In the month of February in 2013, two prominent personalities – MP Inderjit Singh and academic and former NMP Simon Tay – both spoke of the need for the government to rebuild or regain trust.
Mr Tay, writing about the reaction to the PWP, said “trust needs to be rebuilt” following the howls of protest, including the largest gathering post-Independence at Hong Lim Park over the matter.
Even the Straits Times former editor, Han Fook Kwang, jumped into the debate.
“Government needs to regain people’s trust”, his article in the paper said, in February 2013.
Mr Han said the “biggest problem” in the Government selling the PWP to the people was “a lack of public confidence in the Government.”
“This is evident in the quick way many dismissed the White Paper even before reading its contents,” he wrote.
“Tackling this erosion of confidence and trust must be a top priority of the Government or it will face even more problems from a sceptical public.”
In a paper on the year-long Our Singapore National Conversation which took place in 2013, the Lee Kuan Yew School of Public Policy asked how the Government could “rebuild trust with Singaporeans”, following the momentous general election of 2011.
Later the same year, in September, the government newspaper, the Straits Times, had a full page article by David Chan, director of the Behavioural Sciences Institute, Lee Kuan Yew Fellow and Professor of Psychology at the Singapore Management University, delving into the question of trust in the government.
And more recently, in March 2014, it was Deputy Prime Minister, Tharman Shanmugaratnam, who spoke on the issue.
Describing it as a “broader challenge”, Mr Tharman said the bigger challenge for the Government was “retaining public trust in Government in a new and more challenging social and economic environment.”
“Trust in governments has fallen in many countries in recent years, possibly because of declining economic well-being, a growing sense of polarisation in society, and the lack of effective government responses,” Mr Tharman said.
He too referred to the Edelman Trust Barometer, saying that the study showed that “public trust in most governments, and in government leaders, has fallen.”
“In more than half of the countries surveyed last year, the majority of their populations no longer trust governments to do what is right,” the DPM said.
However, he added, “Fortunately, trust in government as an institution, as well as trust in government leaders, has remained significantly higher in Singapore in recent years than for the global average in this survey.”
And in remarks which are more reasonable and rational than the seemingly blind adulation with which Mr Foo accorded the Edelman study, Mr Tharman cautioned that “we cannot read too much into perception surveys, or take too much comfort from them.”
“But the broad conclusions are clear enough,” he said. “We operate today from a position of broad public confidence in the Government, and equally, we have to work hard to keep this trust in Government that has been built up over the years.
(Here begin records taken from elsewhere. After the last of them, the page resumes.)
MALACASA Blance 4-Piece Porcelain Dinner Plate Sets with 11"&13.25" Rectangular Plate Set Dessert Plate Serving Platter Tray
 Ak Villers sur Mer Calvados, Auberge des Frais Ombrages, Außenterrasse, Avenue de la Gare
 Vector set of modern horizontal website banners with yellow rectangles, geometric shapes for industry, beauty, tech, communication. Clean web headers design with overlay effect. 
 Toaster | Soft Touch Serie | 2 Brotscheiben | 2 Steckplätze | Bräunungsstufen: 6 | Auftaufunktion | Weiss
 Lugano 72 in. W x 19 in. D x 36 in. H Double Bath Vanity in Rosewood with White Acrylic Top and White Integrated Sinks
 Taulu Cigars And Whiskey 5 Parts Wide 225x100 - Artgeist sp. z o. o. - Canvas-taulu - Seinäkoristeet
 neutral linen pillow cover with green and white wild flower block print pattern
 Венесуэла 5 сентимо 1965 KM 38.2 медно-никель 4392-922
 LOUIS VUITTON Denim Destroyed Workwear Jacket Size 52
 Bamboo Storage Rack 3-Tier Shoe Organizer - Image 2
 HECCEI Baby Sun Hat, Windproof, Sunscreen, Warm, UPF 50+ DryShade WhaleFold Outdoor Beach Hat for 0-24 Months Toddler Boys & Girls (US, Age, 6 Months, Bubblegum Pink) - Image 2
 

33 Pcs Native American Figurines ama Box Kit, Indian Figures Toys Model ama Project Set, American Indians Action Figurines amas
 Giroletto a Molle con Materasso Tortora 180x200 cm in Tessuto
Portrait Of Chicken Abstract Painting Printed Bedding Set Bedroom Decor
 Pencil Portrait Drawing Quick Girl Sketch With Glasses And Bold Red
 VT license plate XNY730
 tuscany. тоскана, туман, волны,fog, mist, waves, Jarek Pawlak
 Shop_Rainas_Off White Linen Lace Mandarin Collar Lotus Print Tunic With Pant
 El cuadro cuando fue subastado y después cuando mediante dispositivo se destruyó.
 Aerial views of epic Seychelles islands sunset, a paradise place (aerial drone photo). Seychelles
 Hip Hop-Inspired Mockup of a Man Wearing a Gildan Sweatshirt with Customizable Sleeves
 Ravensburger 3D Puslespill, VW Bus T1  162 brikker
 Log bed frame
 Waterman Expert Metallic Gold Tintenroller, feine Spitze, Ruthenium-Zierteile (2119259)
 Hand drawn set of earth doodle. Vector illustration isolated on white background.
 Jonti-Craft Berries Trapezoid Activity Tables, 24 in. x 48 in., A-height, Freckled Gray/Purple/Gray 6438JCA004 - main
Nothing is permanent, and the ease with which trust has slipped in many countries is a warning.”
Mr Tharman further cautioned that “if we end up with the deep scepticism about government seen in many other countries, it will reduce our space for manoeuvre, both in making difficult domestic policy decisions in Singaporeans’ long term interests and in managing our external relations.”
He called on “the civil service, working with political leaders” to “do all we can to preserve and build on public trust in Government.”
So, in conclusion, it is unwise to dismiss, like Mr Foo and Dr Puthucheary did, those who caution or who raise concerns about the level of public trust in the government.
Indeed, Mr Tharman, and the many others mentioned above, including Ms Lim, are wise in keeping a spotlight on the issue and issuing reminders of the importance of trust between the government and the people.
It is those who frivolously dismiss such caution who are in fact jaundiced in their views, and would do Singapore no good by opposing for the sake of opposing.